一天晚上,一位在北京定居多年的66岁常德阿姨,慕名前来,她不懂预约,最终赶到时,米粉已经卖完。阿姨匆忙离开店,没过一会儿又回来了,手里端着一碗从隔壁家买来的没有汤头的面。
她让张天一给她浇上伏牛堂的汤头。她边吃着,很激动地说,足足16年没有吃到这样的家乡味道。
如他们在宣传里介绍的,为了这个味道,张天一和表弟周全几乎尝遍了常德的米粉。
刚过完年,家乡的雪还没化尽,天气阴冷潮湿。兄弟俩走街串巷,想要拜师学艺。常德最大的一家米粉馆当时正缺人,他们想混进来。招聘的阿姨眼一瞅:你们恐怕不是来打工的吧?

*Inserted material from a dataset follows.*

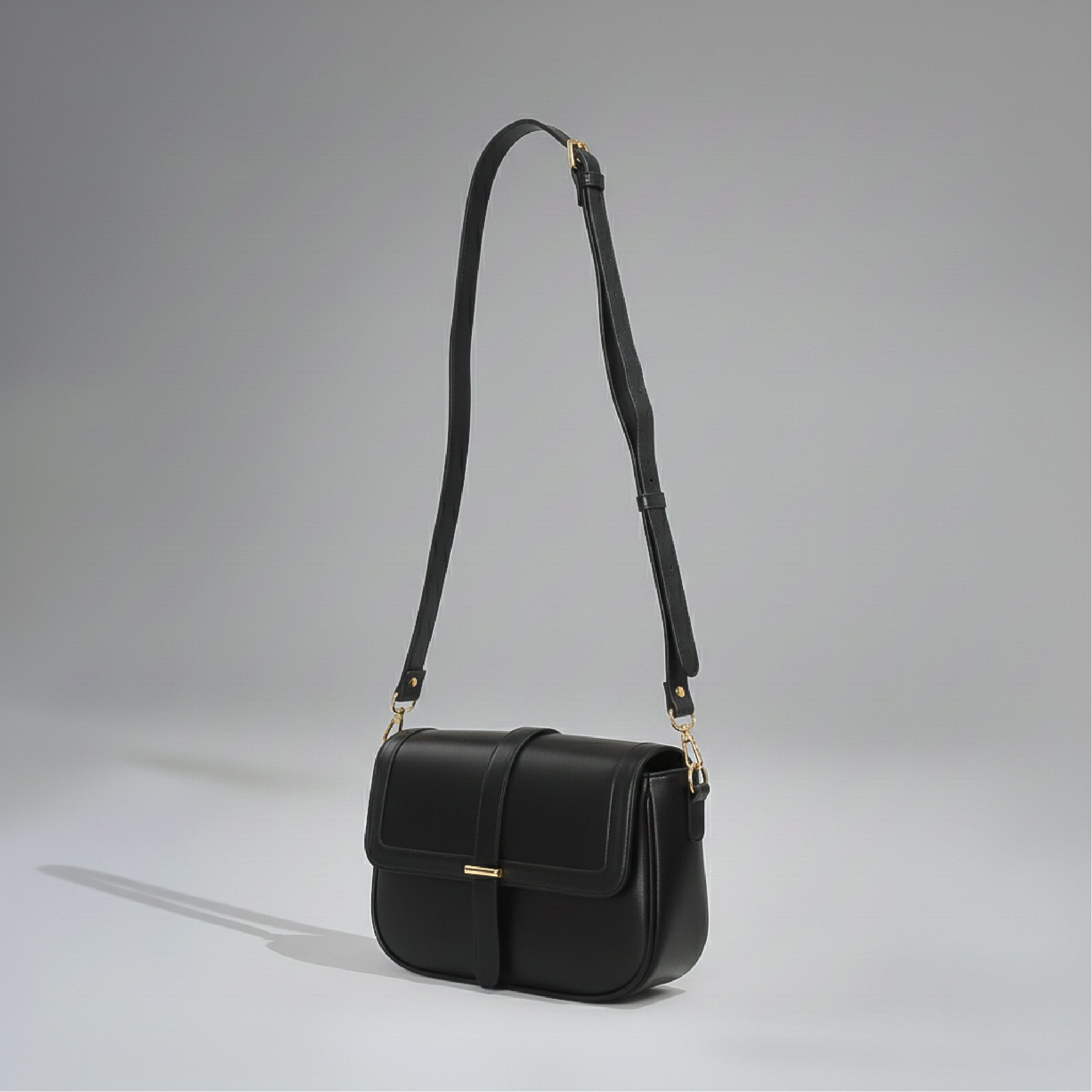 Flap Bag - Black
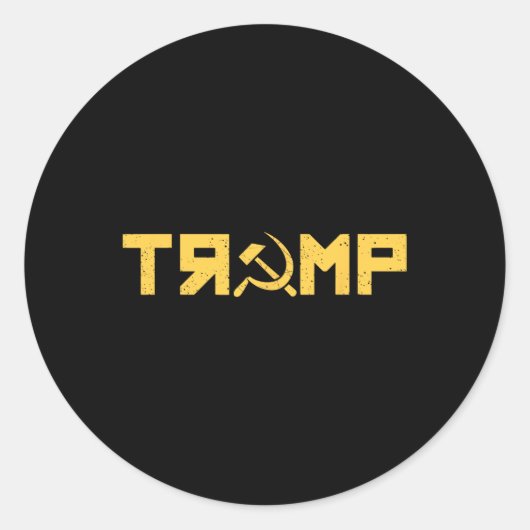 ハンマー鎌ロシア共謀Ussrレジスト ラウンドシール (正面)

两人改变策略:到店直接开吃,吃完说明来意。老板们的回应也更直接,大多手一挥,“走走走,不给不给。”直到一家小有名气的粉馆老板愿意收徒,开口却要60万。
哥俩只好每天继续吃着粉,表弟吐槽已经“身体冒火”。一个多星期后,终于有一家常德郊区的米粉店老板愿意低价收徒。兄弟俩大喜,很快,“伏牛宝典”诞生。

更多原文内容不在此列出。